The stats package provides the hclust function to perform hierarchical clustering.

# Example 1 - Basic use of hclust, display of dendrogram, plot clusters

The cluster library contains the ruspini data - a standard set of data for illustrating cluster analysis.


   library(cluster)                ## to get the ruspini data
    plot(ruspini, asp=1, pch=20)    ## take a look at the data

Ruspini Data (opens new window)

hclust expects a distance matrix, not the original data. We compute the tree using the default parameters and display it. The hang parameter lines up all of the leaves of the tree along the baseline.


   ruspini_hc_defaults <- hclust(dist(ruspini))
    dend <- as.dendrogram(ruspini_hc_defaults)
    if(!require(dendextend)) install.packages("dendextend"); library(dendextend)
    dend <- color_branches(dend, k = 4) 
    plot(dend)

enter image description here (opens new window)

Cut the tree to give four clusters and replot the data coloring the points by cluster. k is the desired number of clusters.


   rhc_def_4 = cutree(ruspini_hc_defaults,k=4)
    plot(ruspini, pch=20, asp=1, col=rhc_def_4)

Ruspini data - first clustering (opens new window)

This clustering is a little odd. We can get a better clustering by scaling the data first.


   scaled_ruspini_hc_defaults = hclust(dist(scale(ruspini)))
    srhc_def_4 = cutree(scaled_ruspini_hc_defaults,4)
    plot(ruspini, pch=20, asp=1, col=srhc_def_4)

Scaled Ruspini data - clustered (opens new window)

The default dissimilarity measure for comparing clusters is "complete". You can specify a different measure with the method parameter.


   ruspini_hc_single = hclust(dist(ruspini), method="single")

# Example 2 - hclust and outliers

With hierarchical clustering, outliers often show up as one-point clusters.

Generate three Gaussian distributions to illustrate the effect of outliers.


   set.seed(656)
    x = c(rnorm(150, 0, 1), rnorm(150,9,1), rnorm(150,4.5,1))
    y = c(rnorm(150, 0, 1), rnorm(150,0,1), rnorm(150,5,1))
    XYdf = data.frame(x,y)
    plot(XYdf, pch=20)

Test Data (opens new window)

Build the cluster structure, split it into three cluster.


   XY_sing = hclust(dist(XYdf), method="single")
    XYs3 = cutree(XY_sing,k=3)
    table(XYs3)
    XYs3
      1   2   3 
    448   1   1 

hclust found two outliers and put everything else into one big cluster. To get the "real" clusters, you may need to set k higher.

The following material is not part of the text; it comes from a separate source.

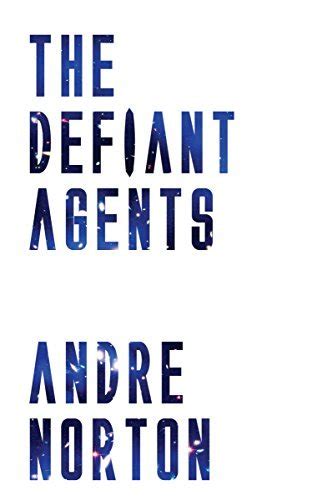 The Defiant Agents By Andre Norton Goodreads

   XYs6 = cutree(XY_sing,k=6)
    table(XYs6)
    XYs6
      1   2   3   4   5   6 
    148 150   1 149   1   1 
    plot(XYdf, pch=20, col=XYs6)

Test data clustered - 3 Outliers & 3 large clusters (opens new window)

This StackOverflow post (opens new window) has some guidance on how to pick the number of clusters, but be aware of this behavior in hierarchical clustering.

# Remarks

Besides hclust, other methods are available, see the CRAN Package View on Clustering (opens new window).